Reflections on Motherhood, Vol. I

Reflections on Motherhood, Vol. I

As we approach Mother’s Day—or, as I like to call it, the day I refuse to do any chores and demand flowers from my husband—I think it’s appropriate to reflect on my experience as a mom. It’s difficult to condense the lessons I’ve learned in the almost four years as a parent; they are endless, so here is volume one. Volumes two through 3027 shall follow henceforth. 

  • Motherhood has turned me into the best version of myself.
    I don’t know how else to explain it, other than, since I have become a mother, I’ve liked myself more. It’s feels strange to compliment myself in a public forum, but I’m very proud of the times when I have put the needs of my children first and looked past the gross and disgusting (so much vomit) to come to the aid of my child. That selflessness and outward-looking was not something I did much of before. Those more empathetic, Christ-like qualities have filtered outside of my own family. I find I am nicer and more sincerely compassionate than I ever was before, and I like that about myself.
     
  • Messes can be cleaned.
    When Fisher was first learning to feed himself, I would freak out every time he would drop something on the floor. “I JUST CLEANED THAT,” I would fume. Looking back, I truly do not know why I made such a fuss. I made mealtime an unnecessary battle. Now, Cora is learning to feed herself. I am so much more relaxed, and it is glorious. Banana on the floor? Oh well, I’ll wipe it up when she’s done/wait until Dustin comes in the kitchen and make him clean it up. Yogurt in her hair? I’ll put her in the bath when she’s done or just pretend it’s gel and say I styled her hair. NO BIG DEAL. I wish I would have known these things the first time around.
     
  • Yelling solves nothing.
    Before I became a mom, I pictured myself as a strict parent. In my head this involved a lot of stern talks and appeals to reason. My kids would come around to my point of view and then we would probably do a freeze frame high five. When those stern talks didn’t work on my two-year-old, and there were no freeze frames, I turned to yelling. But It just didn’t work. He cried. I cried. I would feel terrible, and then the lesson I was trying to teach him would fall on deaf ears because we were all crying too much to learn anything.
     
  • Guilt is the default.
    I didn’t realize how much guilt I would feel as a parent. Am I not spending enough time with them? Am I spending too much time with them and not scheduling enough play dates?

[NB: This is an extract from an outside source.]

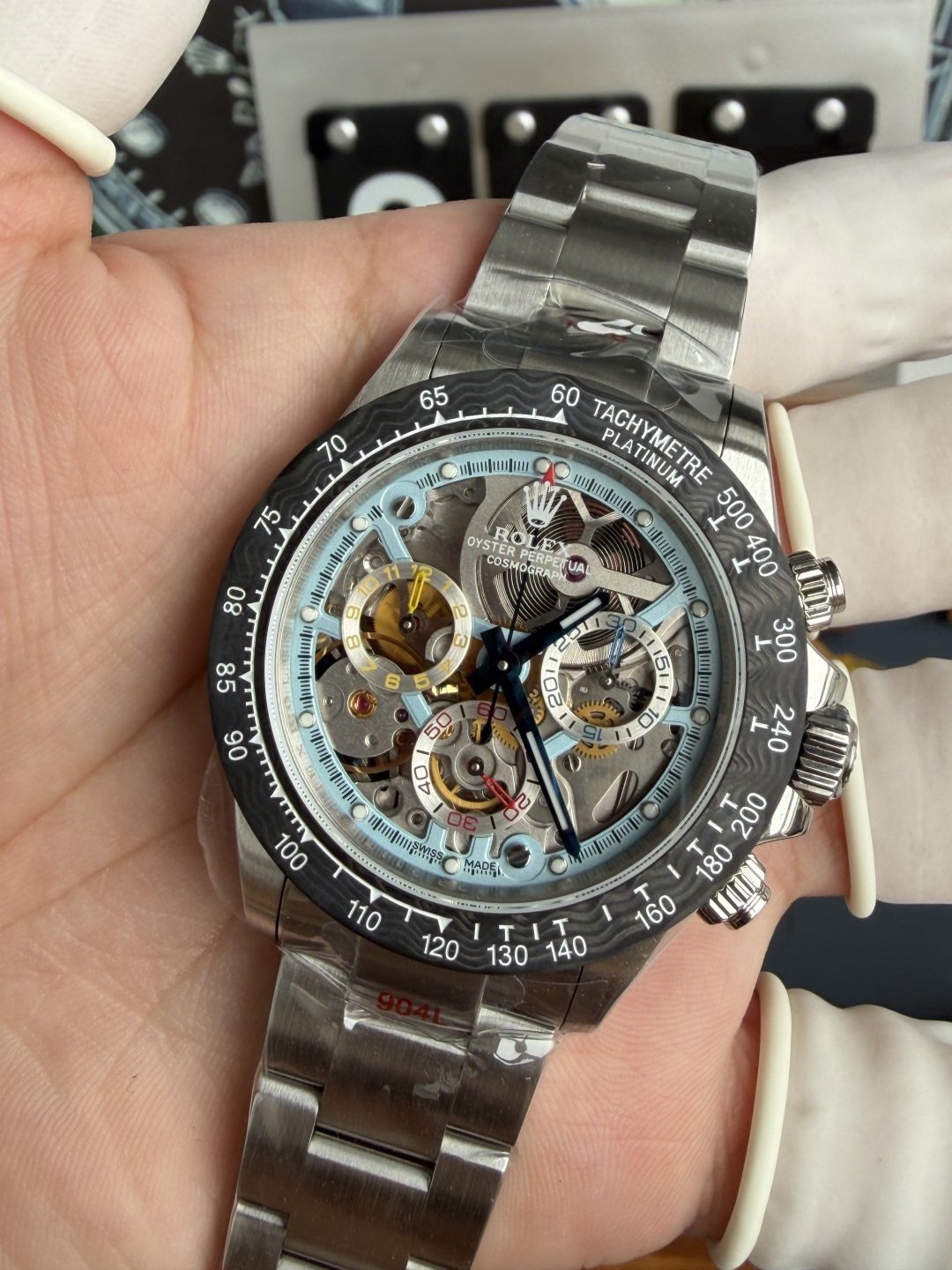 Rolex Daytona Artisans de Genève Montoya Skeleton Dial Carbon Bezel Best Replica Sonic Factory 40mm - 图片 4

Do they spend too much time watching TV? Am I doing enough educational activities? Sometimes guilt is useful. Sometimes I really do need to spend more time with my kids, and they need to be watching less TV. But on the whole, guilt is useless. It just distracts from all of the things I’m doing really well.

Motherhood is never something I envisioned for myself, and I especially didn’t envision it happening at 22. But motherhood is one of the most special and rewarding challenges I’ve ever undertaken. My kids mean more to me than I could ever adequately express. They are my heart and my greatest project. The love I have for them is overwhelming and pure. I am so thankful to be their mother.

So all you mommas out there reading this, what have been some of the lessons you’ve learned since becoming a parent?